ITU-Hosted WTPF/WSIS 2013, Geneva
The World Technology Policy Forum and World Summit on the Information Society were hosted by the United Nations May 13-17, 2013 in Geneva, Switzerland. These international forums brought together telecommunications ministers, government policy experts and business representatives for discussions of issues tied to the future of communications networks. Also on hand in as observers were technologists, academics, representatives of non-governmental organizations and members of civil society. Dozens of leaders shared their views about the future of the Internet in video interviews.
FutureWeb and WWW2010
Coverage of 22 separate events at FutureWeb, a conference created by Imagining the Internet to bring people together at the WWW2010 global gathering to discuss the challenges and opportunities looming in the future. More than 1,000 people – primarily the members of the World Wide Web Consortium, W3C, who continue to evolve the Web to meet new needs – met in Raleigh, NC, USA in April 2010 for these events.
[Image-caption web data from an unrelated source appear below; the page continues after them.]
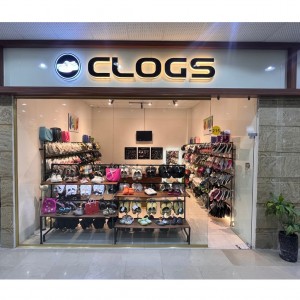 واحد 215- فروشگاه CLOGS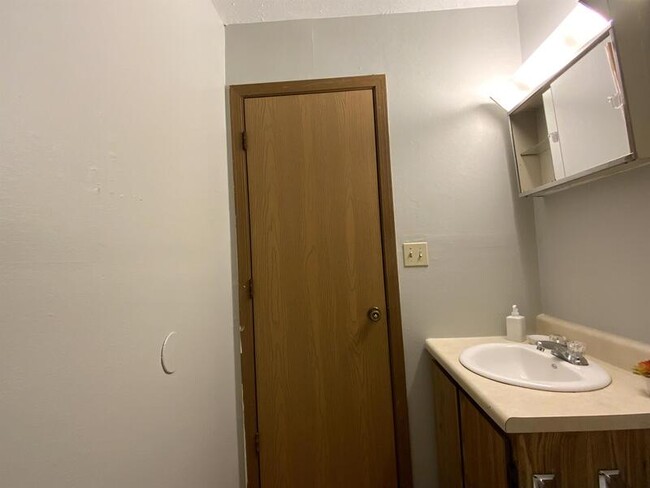 Building Photo - 1028 Belle Valley Dr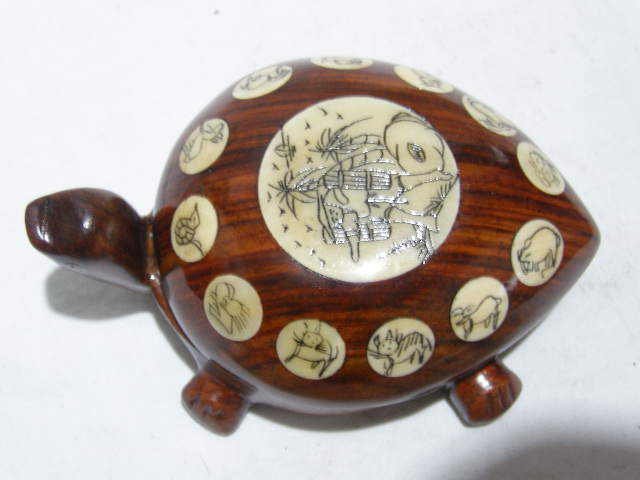 Rare Tibet rosewood carve turtle compass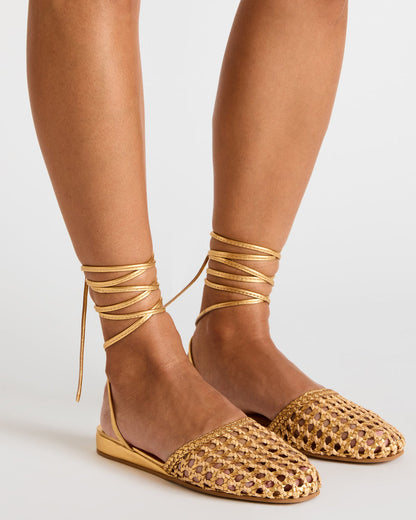 FLUTTER Gold Woven Mule Leg-Ties Strappy Women's Flat Steve Madden NATURAL GOLD
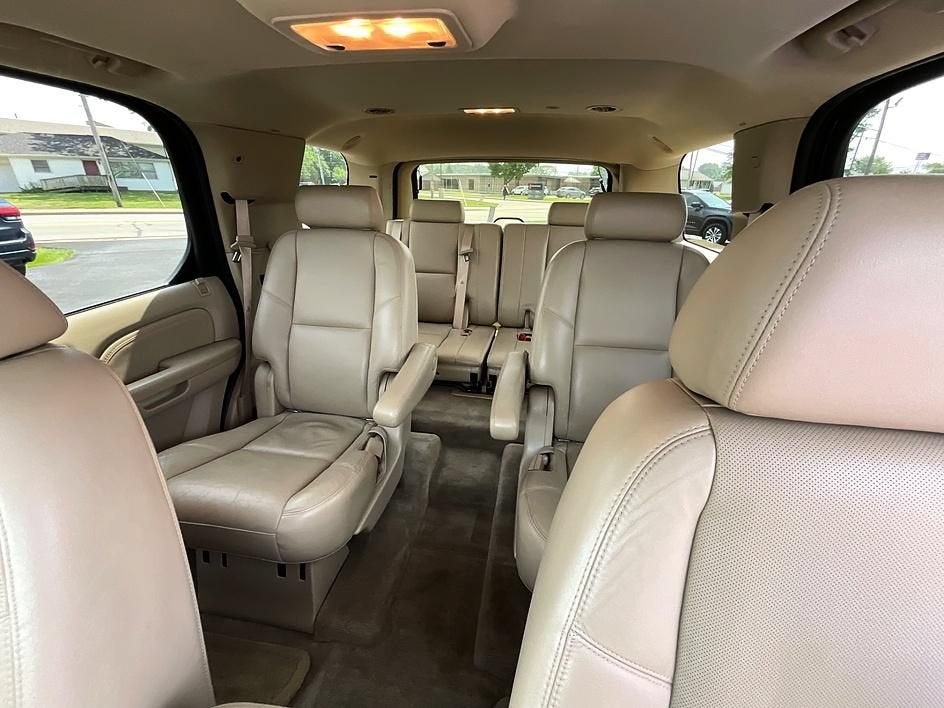 2009 Cadillac Escalade Standard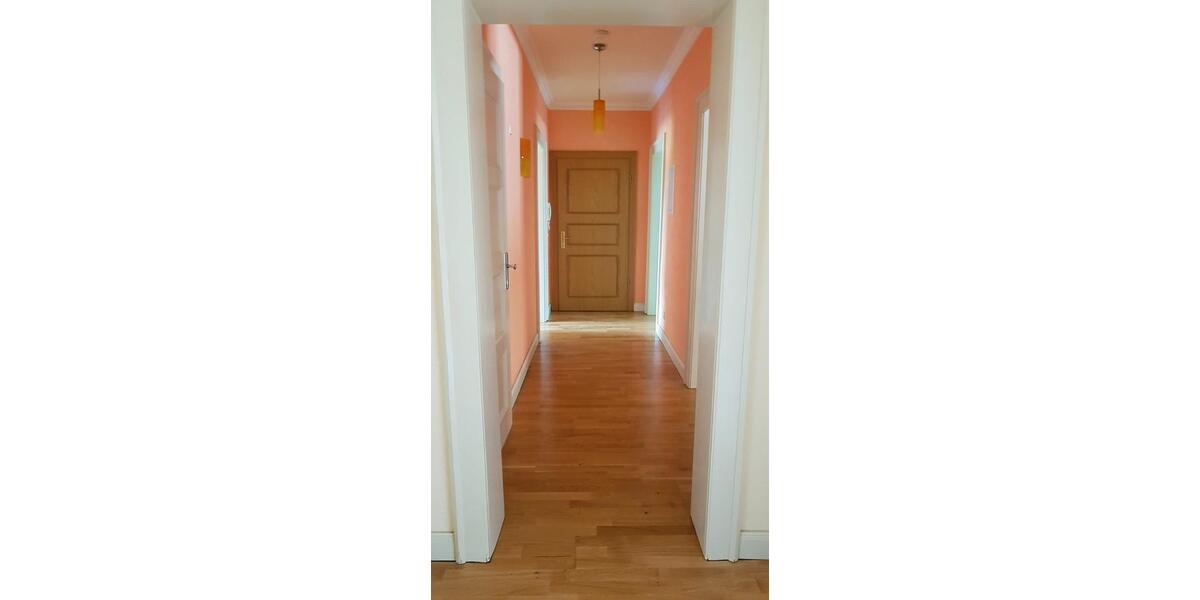 Etagenwohnung Leuna - 3 Zimmer, 83 m&sup2;, 759&euro; | Angebot:26381333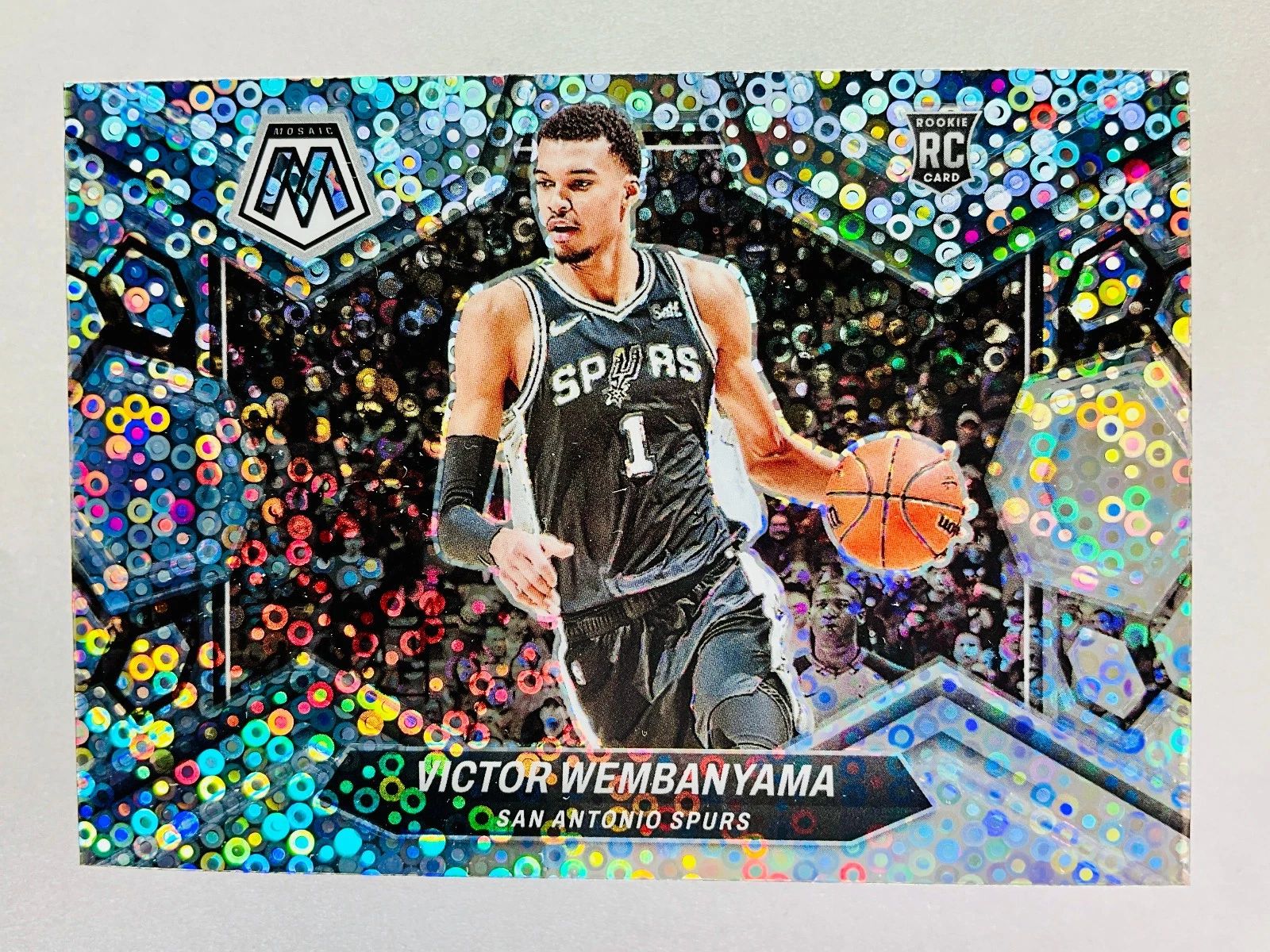 2023-24 Mosaic Fast Break Victor Wembanyama Variation Silver Disco Prizm RC #238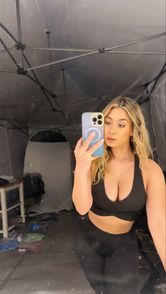 Kat Vera (@katverafitness) | Snapchat Stories, Spotlight & Lenses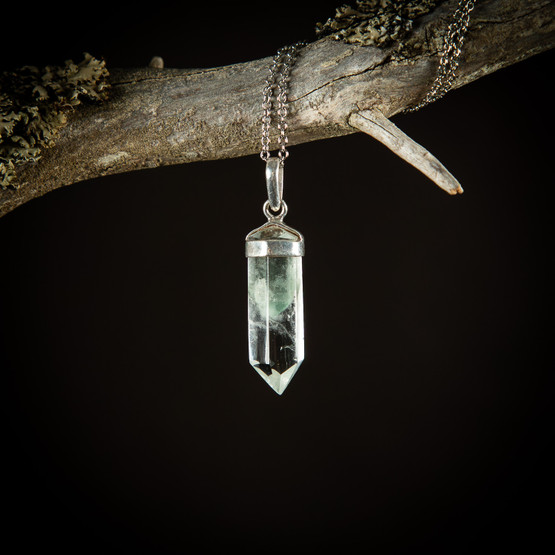 Phantom kvartsi -riipus 3, hopea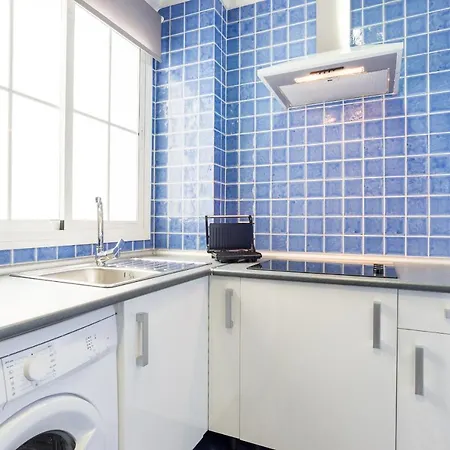Gr1-xl Apt For Big Groups-15min On Foot To Old Town Apartment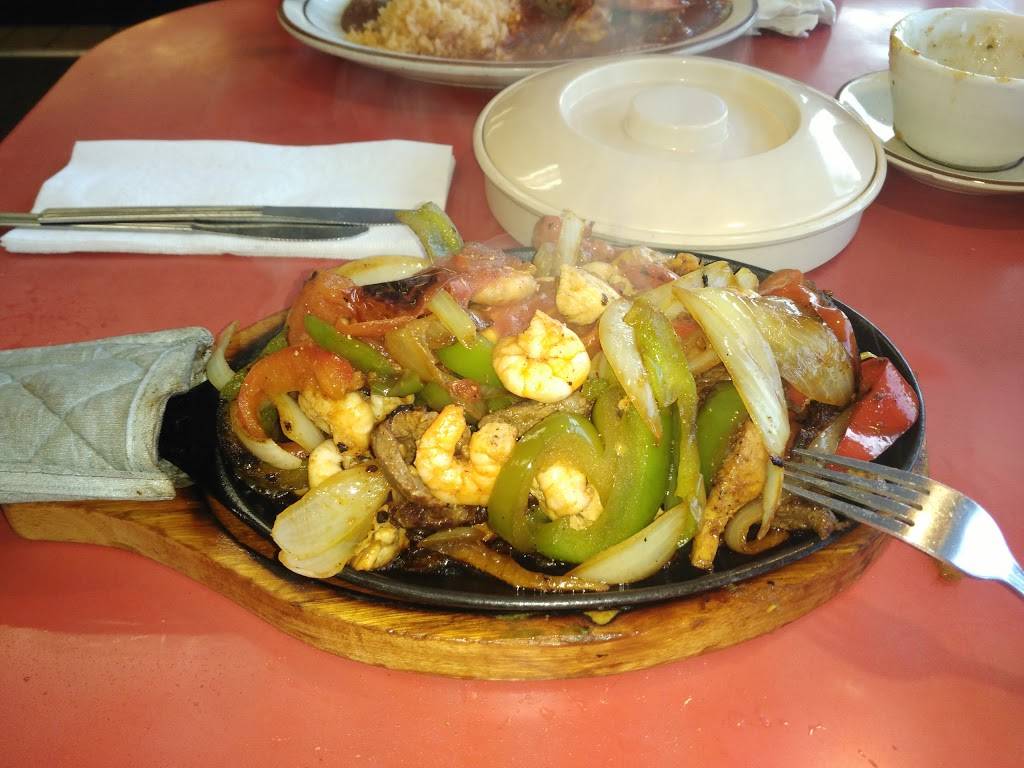 Casa Jimenez | restaurant | 17151 Foothill Blvd, Fontana, CA 92335, USA | 9098236849 OR +1 909-823-6849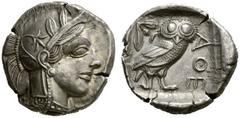ANTIKE GRIECHISCHE MÜNZEN ATTIKA ATHEN Tetradrachmon um 440. Athenakopf mit attischem Helm n. r., auf dem Helmkessel drei Ölblätter und Ranke. Rv. AΘE Eule n. r., Kopf frontal, dahinter Mondsichel und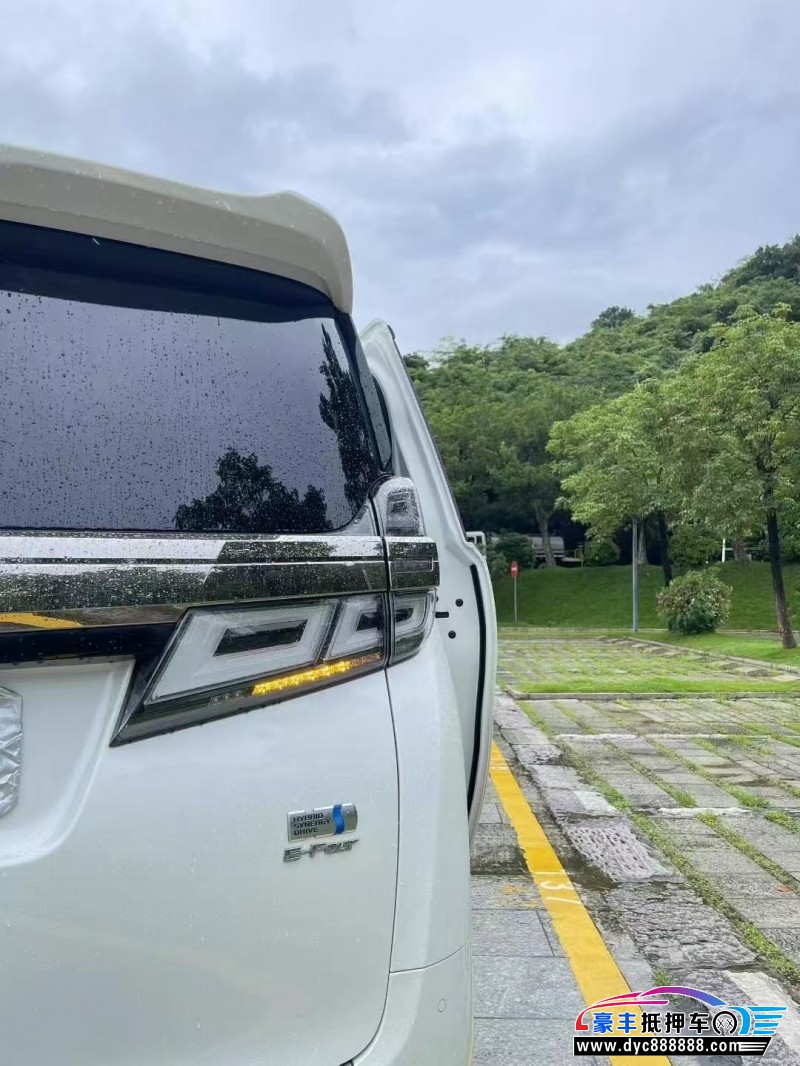 22年丰田威尔法轿车抵押车出售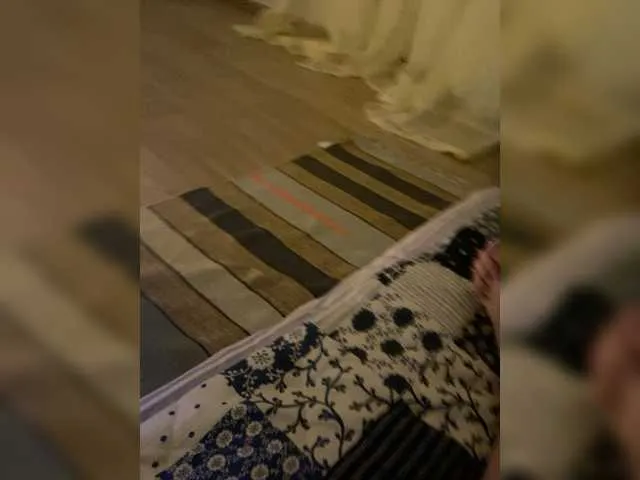 Live sex webcam photo for real-maksim #275543732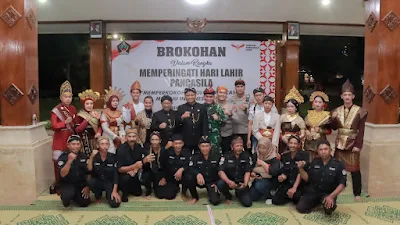 Sinergitas TNI Polri dan Forkopimda Blitar Gelar Brokohan di Harlah Pancasila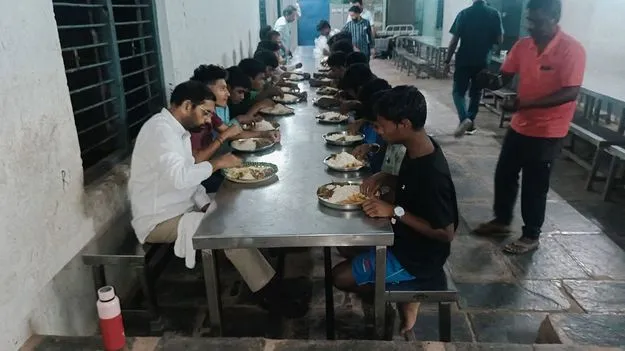 ఉన్నత చదువులు చదివి ఉత్తమ పౌరులుగా ఎదగాలి 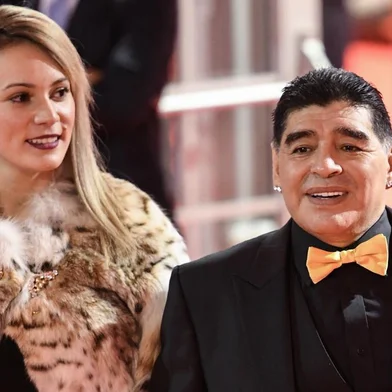 Argentine football legend Diego Maradona and his girlfriend Rocio Oliva arrive to attend the Final Draw for the 2018 FIFA World Cup football tournament at the State Kremlin Palace in Moscow on December 01, 2017. / AFP PHOTO / Kirill KUDRYAVTSEV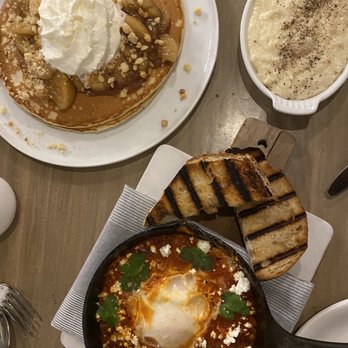 Scratchboard Kitchen - Lamb shakshouka, peach cobbler pancakes, grits - Breakfast & Brunch Near Me - Arlington Heights, Illinois Scratchboard Kitchen - Lamb shakshouka, peach cobbler pancakes, grits - Breakfast & Brunch Near Me - Arlington Heights, Illinois
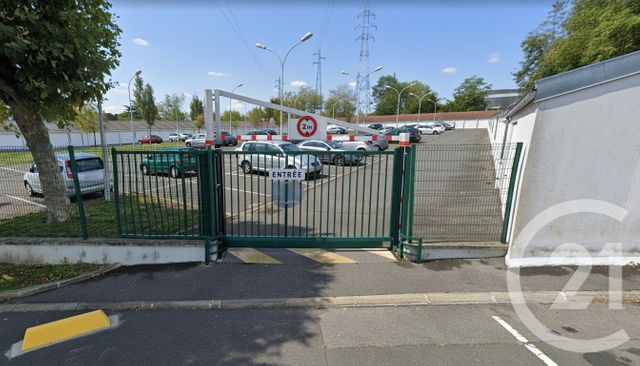 Parking à louer EPINAY SOUS SENART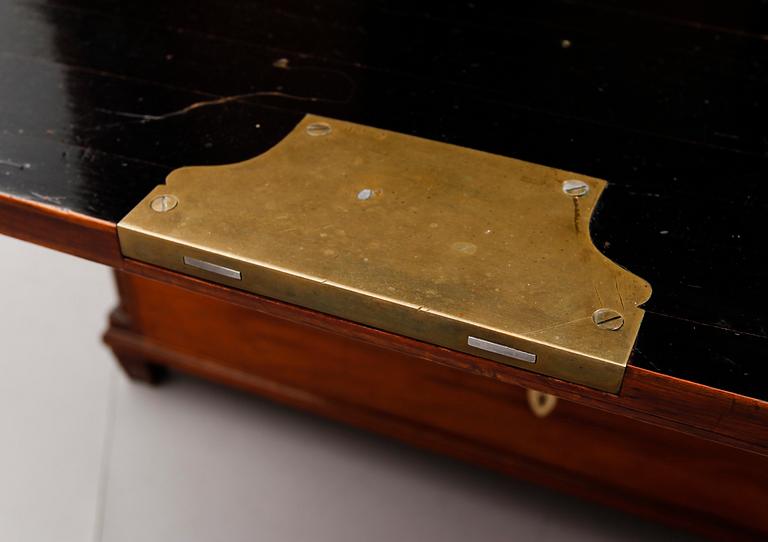 CHIFFONJÉ, sengustaviansk, 1800-talets början.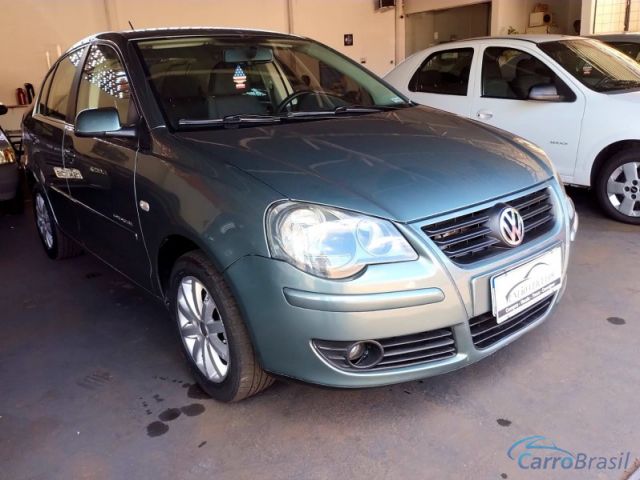 Mais detalhes do Volkswagen Polo Sedan 1.6 Confortline Flex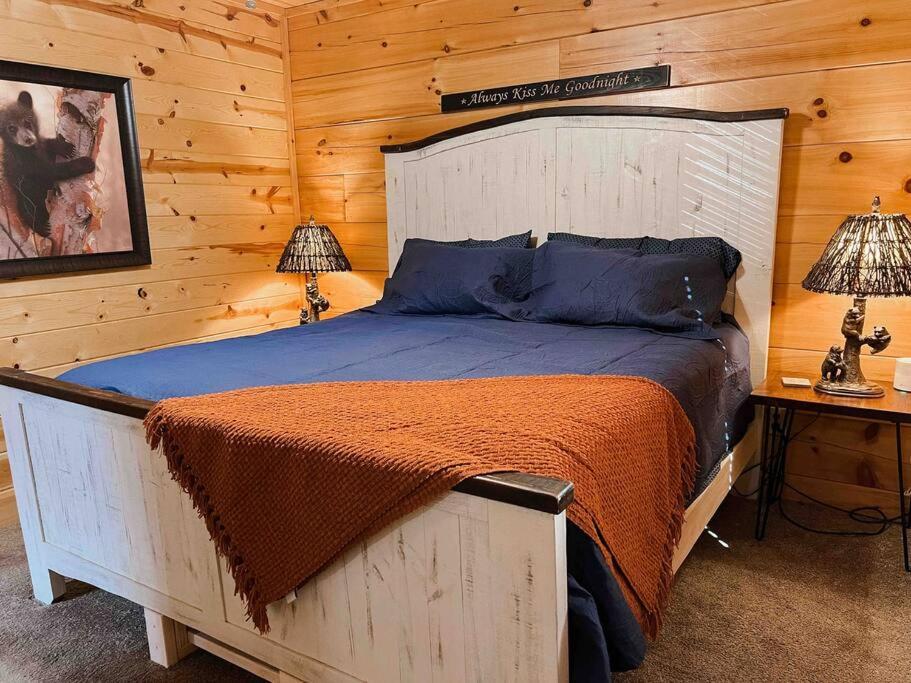 Indoor Private Pool Cabin Near Dollywood, Sleeps 12, Game Loft, Hot Tub, 5 Star Rated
Among the speakers are Tim Berners-Lee, Vint Cerf, Danny Weitzner, danah boyd, Doc Searls, Carl Malamud, Paul Jones, Cathy Davidson, Andrew McLaughlin, Marc Rotenberg, James Hendler, Nigel Shadbolt, Lee Rainie and Chris DiBona.
OECD, Seoul, Korea, 2008
Dozens of video interviews with top global communications policy leaders were conducted by Imagining the Internet at the ministerial meeting of the Organisation for Economic Cooperation and Development (OECD) set to specifically focus on “The Future of the Internet Economy.” The events of the conference took place in Seoul, Korea, June 16-18, 2008. Among those interviewed were Ambassador David Gross, Hamadoun Touré, Gwen Hinze, Kevin Martin, Peter Kim, Joseph Alhadeff and Parminder Jeet Singh.
Metaverse Roadmap Summit 2006
An interdisciplinary group of about 40 futurists, technology architects, academics, journalists and entrepreneurs met at SRI International in 2006 at the Metaverse Roadmap Summit to discuss synthetic worlds, the geospatial Web, Net neutrality and much more. Imagining the Internet set up individual interviews with participants to probe the key issues and emerging advances they see in our future. Among them are Esther Dyson, Jamais Cascio, John Smart, Randy Farmer, Raph Koster, Robert Scoble, Mike Liebhold, David Smith and Sibley Verbeck.
Accelerating Change 2005
Two short films and 22 interviews were recorded at this international conference on Accelerating Change. The events were held at Stanford University in Palo Alto, CA, in September 2005. Interview participants classified themselves as research scientists, entrepreneurs or business leaders, authors or journalists, and technology developers or administrators. They shared their hopes and fears for the future in a series of interviews. This site includes the entire series of individual interviews and the short films that quickly sum up key points made by various participants. Among those interviewed are world-class futures thinkers Vernor Vinge, George Gilder, Douglas Engelbart, Patrick Lincoln, Thomas Malone and Alex Lightman. A hot topic of discussion at the event was the possibility for a “technological singularity.”